This refers to the edit “Inadequate response” (June 19). It may not be fair to criticise the Reserve Bank of India (RBI) for keeping policy rates steady. It would have been very difficult for it to affect reductions purely on the basis of core inflation figures when the headline inflation, which affects the common man more, is refusing to come down from double-digit numbers.

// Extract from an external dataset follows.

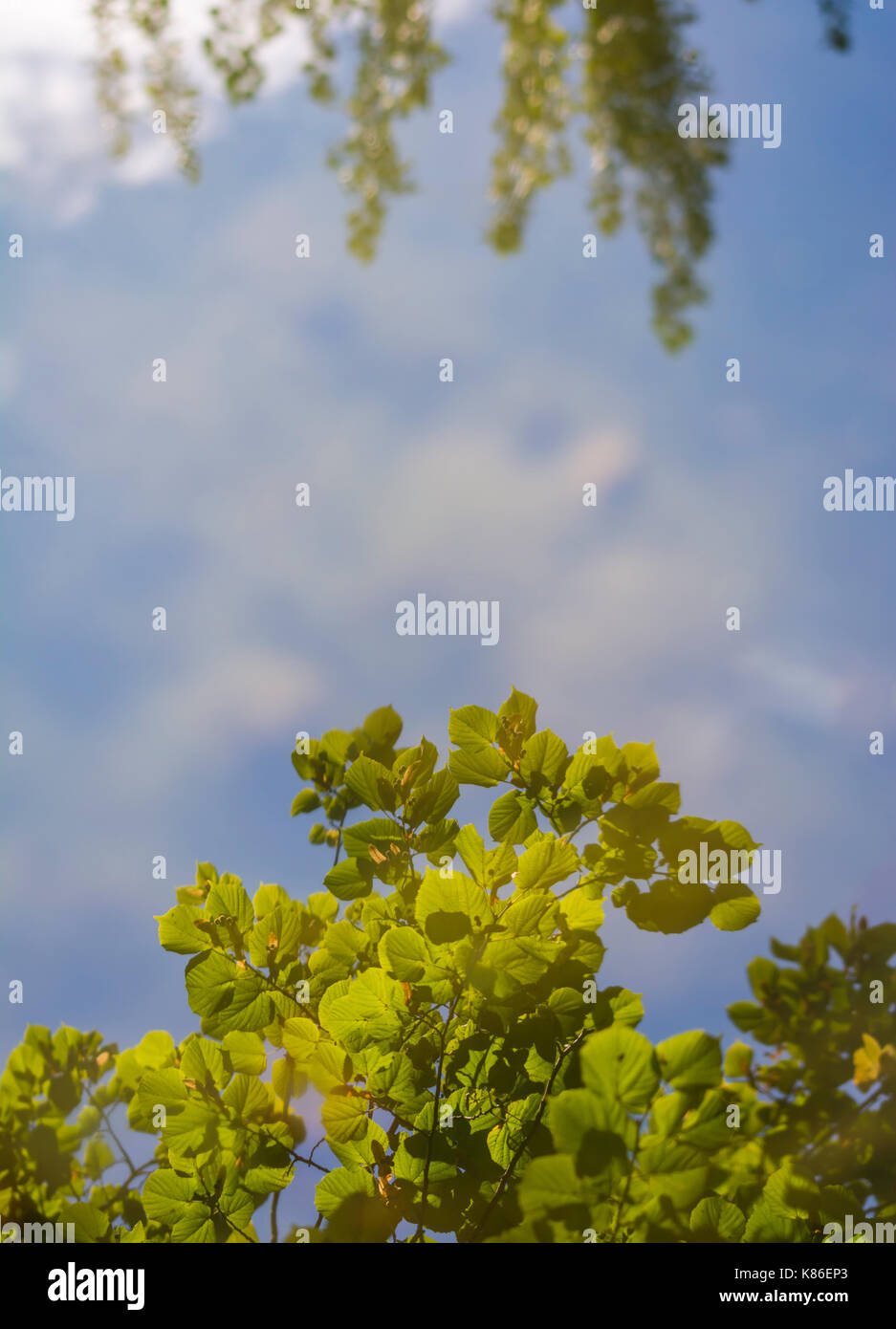 Blauer Himmel und Bäume in ruhigem Wasser reflektieren auf einen Herbst Tag in Großbritannien. Perfekte Reflektion im Wasser, im Porträt mit kopieren. Stockfoto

Besides, growth-stimulating investment in the context of high inflation needs well-coordinated fiscal and monetary measures. While reducing policy rates in the last quarter, RBI had cautioned the government about this and expected it to take steps for fiscal consolidation and removal of supply side constraints. But the government affected a half-hearted, inadequate increase in petrol prices, leaving diesel price untouched. How long can RBI carry the burden of managing the balance between growth and inflation with the government showing no political courage to bring down heavy subsidies, liberate restrictions on foreign investments and remove curbs on access to resources like land and minerals. By taking this bold step, RBI has given a sound warning to the new finance minister and the government to discharge their part of responsibility.
Y G Chouksey Pune
...but disappoints markets
The government’s failure to address supply side constraints is the reason for the high level of inflation. In the absence of a credible policy initiative from the government, the Reserve Bank of India has clearly indicated that monetary policy tools alone will not be sufficient to control inflation and prop up growth. Of course, it is up to the government to initiate policy prescriptions, but RBI could still have cut policy rates by at least 25 basis points to boost market sentiments. Indeed the industry bodies are disappointed.